Your assignment:
From the line that has "Postel nebo postele" down to the last line of the data below, set down every line exactly, but none of the pictures.

The data:
****

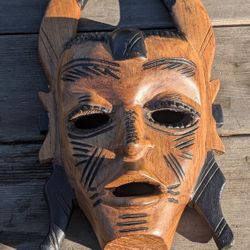 13.5" Hand-Carved African Tribal Wooden Mask Wall Decor with Horned Design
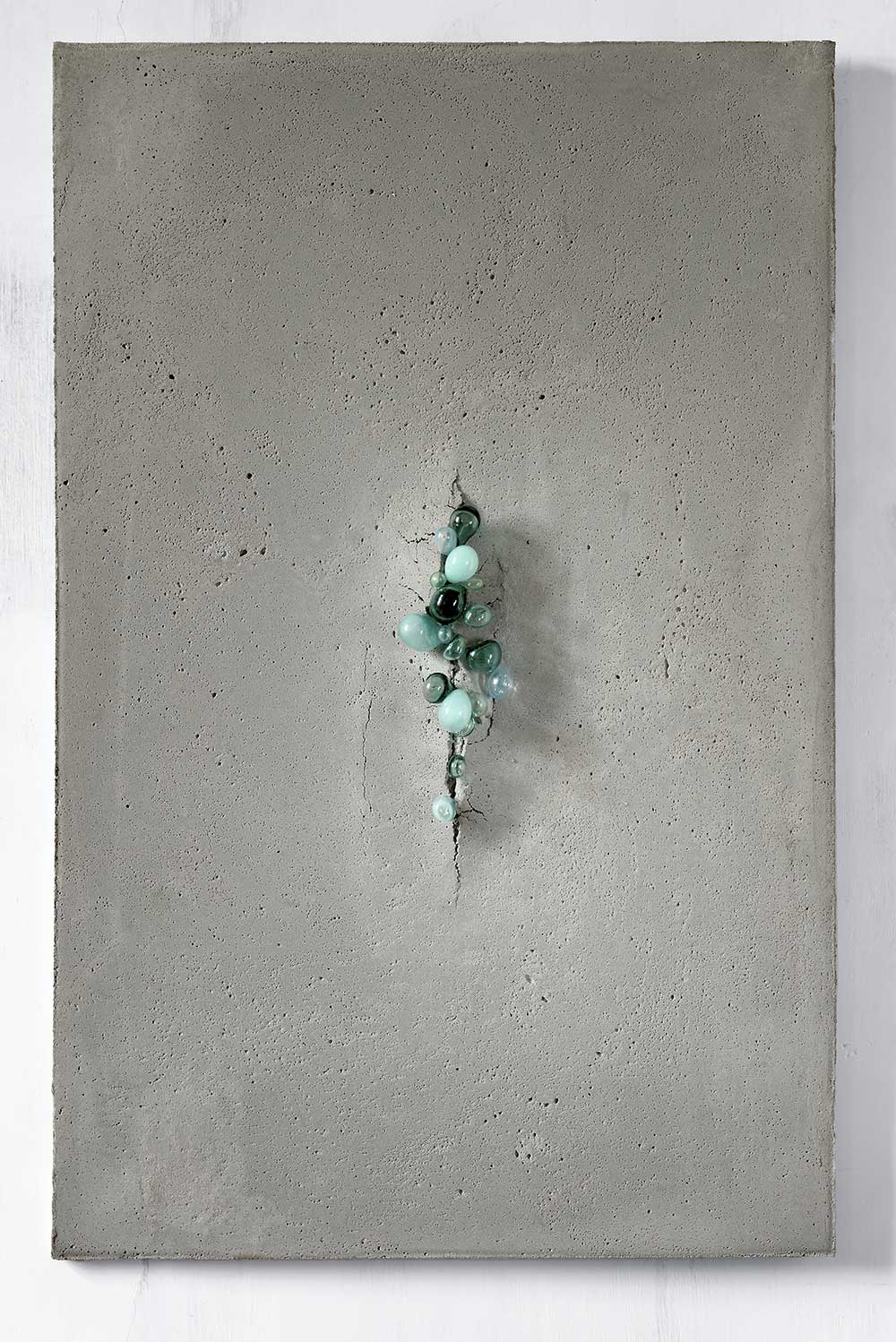 A wall art piece. Various bubbles of molten colored glass penetrate the concrete slab, tear open the slab in the middle and push forward through the concrete layer.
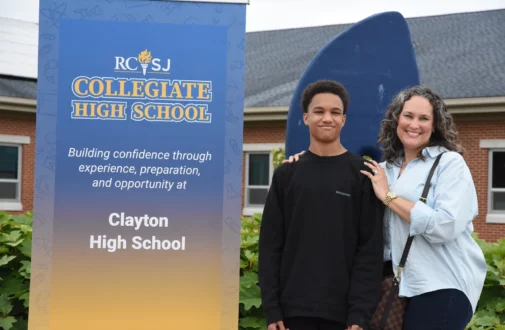 Student stands in front of a Collegiate High School sign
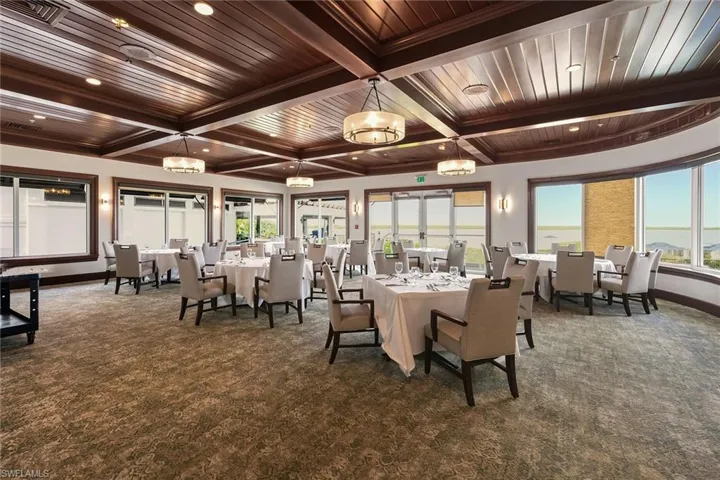 Dining area with a wood ceiling with exposed beams, dark colored carpet, healthy amount of natural light, and coffered ceiling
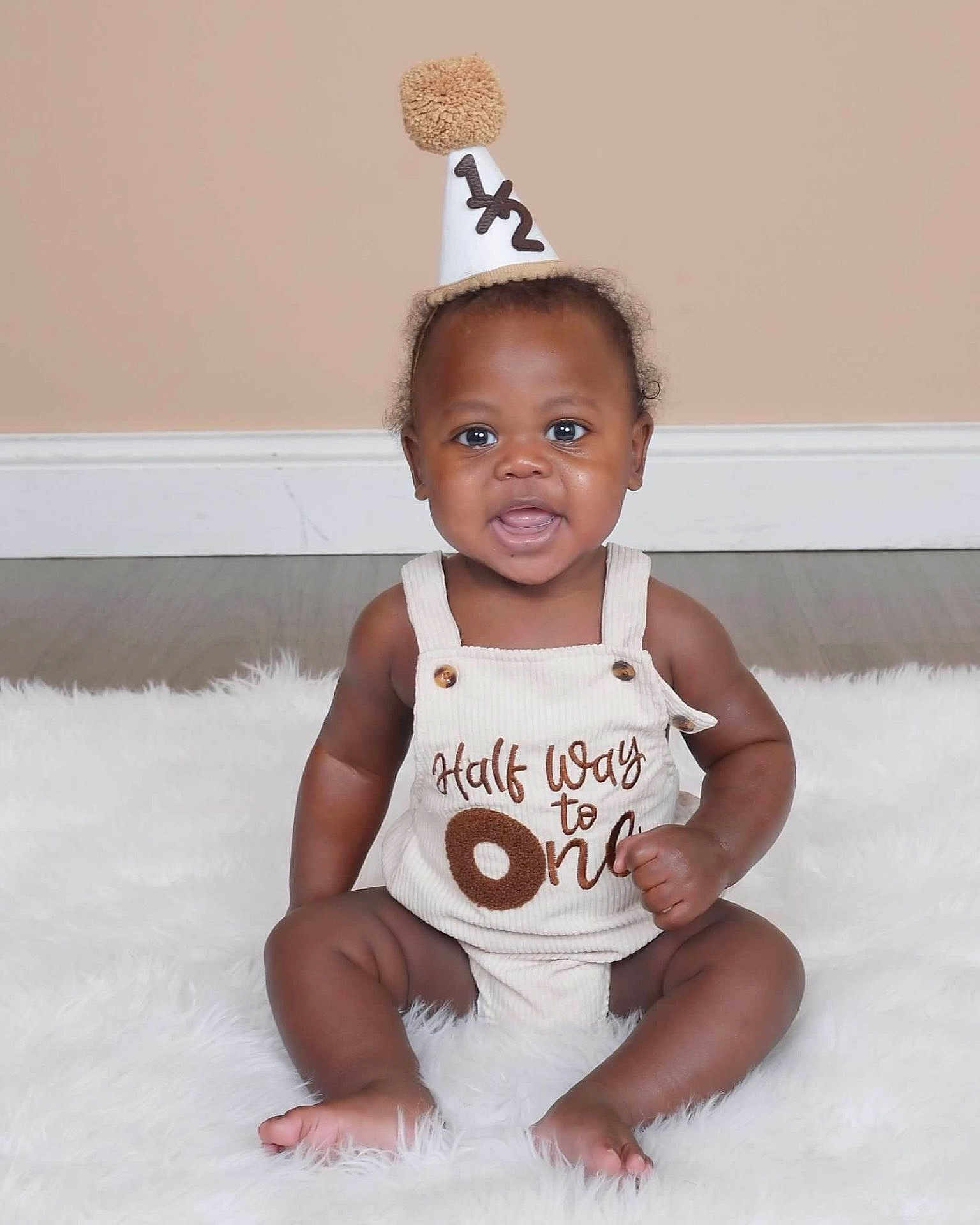Drayson is registered to the contest to win money with this photo: baby, infant, half_birthday, party_hat, romper, sitting, fluffy_rug, smile, cheeks, eyes, portrait, indoor, milestone, celebration, cute, adorable, barefoot, wood_floor, wall_baseboard, one_half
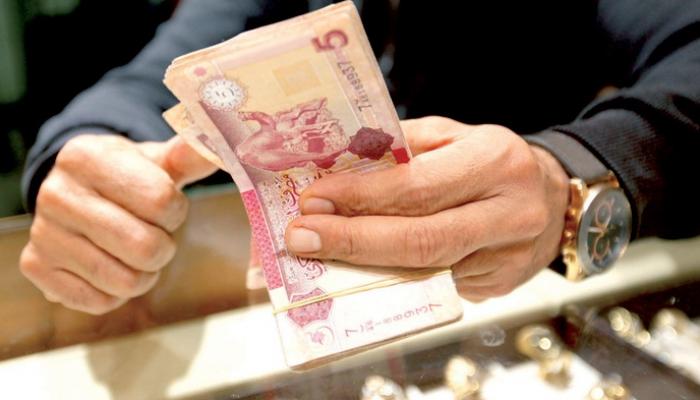 موظف بأحد مصارف ليبيا يحصي أوراقا من فئة الـ5 دينارات - أرشيفية
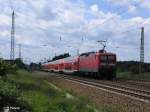 114 030-0 schiebt bei Briesen(Mark) den RE38026 Magdeburg HBF.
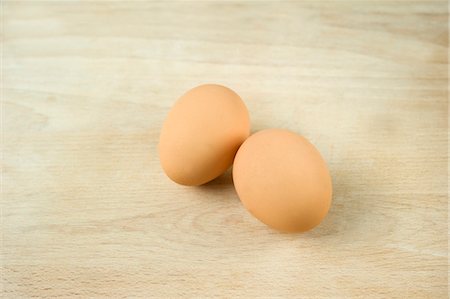 Two fresh eggs on a wooden surface Fotografie stock - Premium Royalty-Free, Codice: 659-06671417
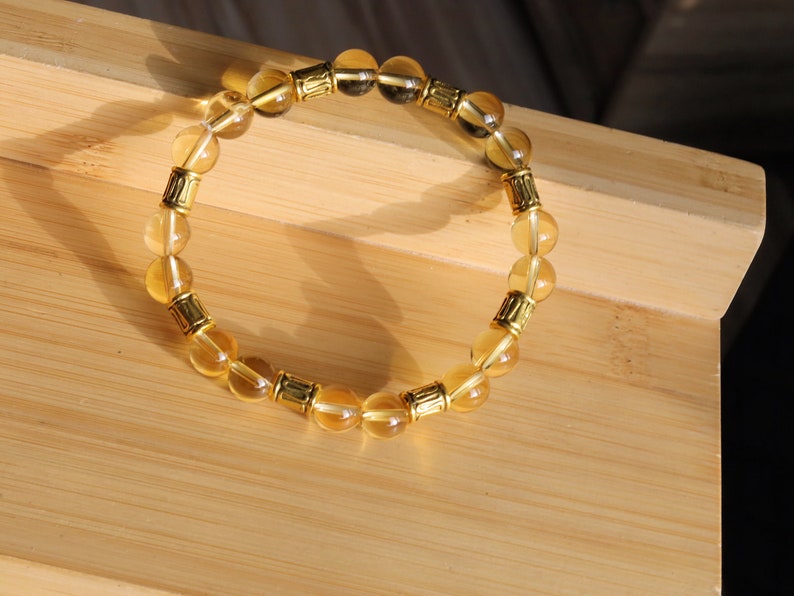 Citrine combined with Antique Bronze Tone Spacer Beads. ENERGIZING CITRINE BRACELET. unlocking our truest desires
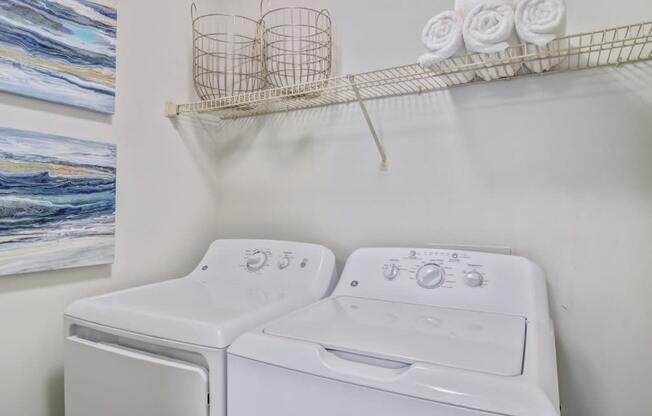 a white laundry room with a washer and dryer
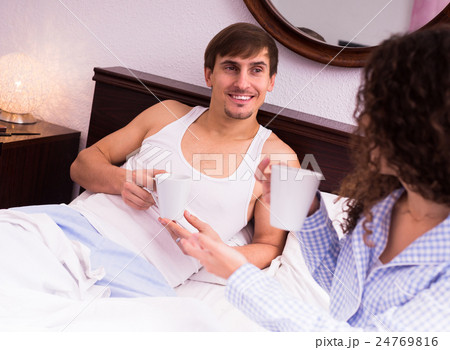 Couple drinking coffee in the bed. Couple drinking coffee in the bed. 24769816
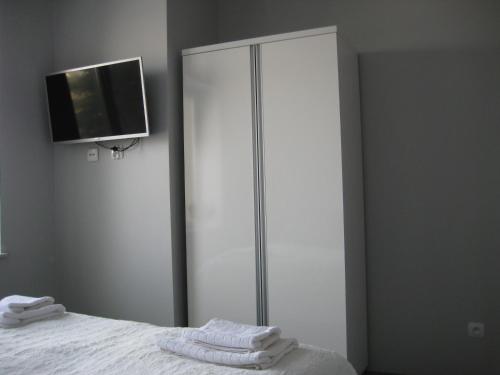 Postel nebo postele na pokoji v ubytování Apartamenty i pokoje Pluszak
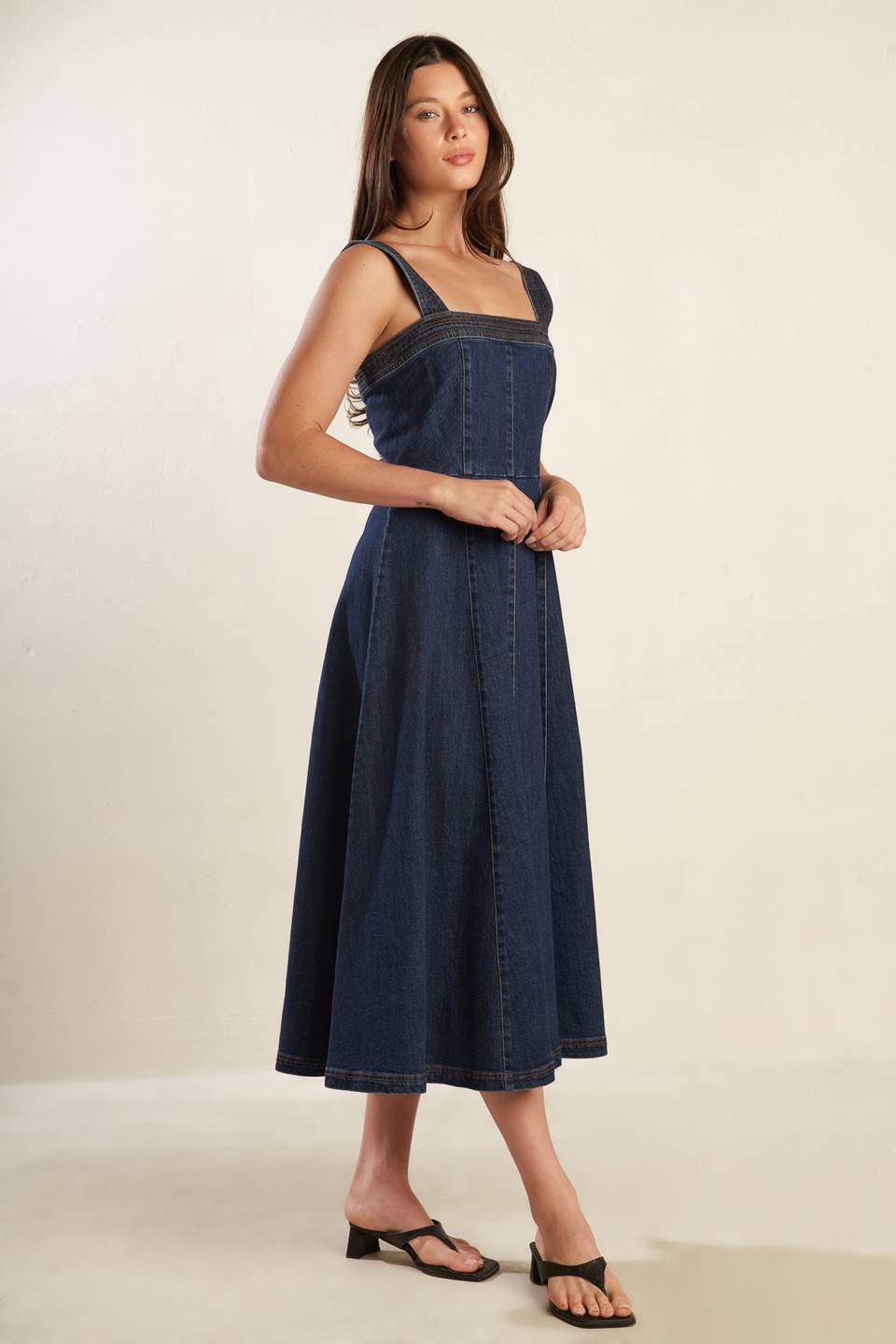 A dark washed denim midi dress featuring straight neckline, wide strap, full skirt and back zipper closure.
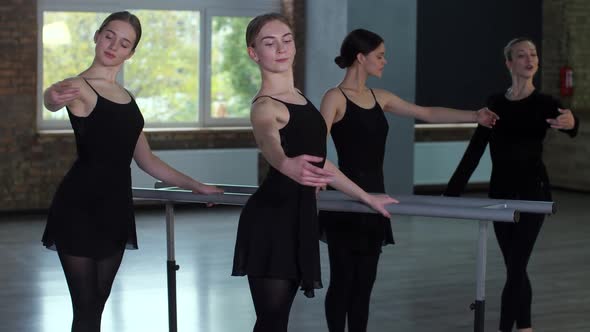 Graceful Ballerinas Exercising at Ballet Barre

****

Answer to this problem:
 Postel nebo postele na pokoji v ubytování Apartamenty i pokoje Pluszak
 A dark washed denim midi dress featuring straight neckline, wide strap, full skirt and back zipper closure.
 Graceful Ballerinas Exercising at Ballet Barre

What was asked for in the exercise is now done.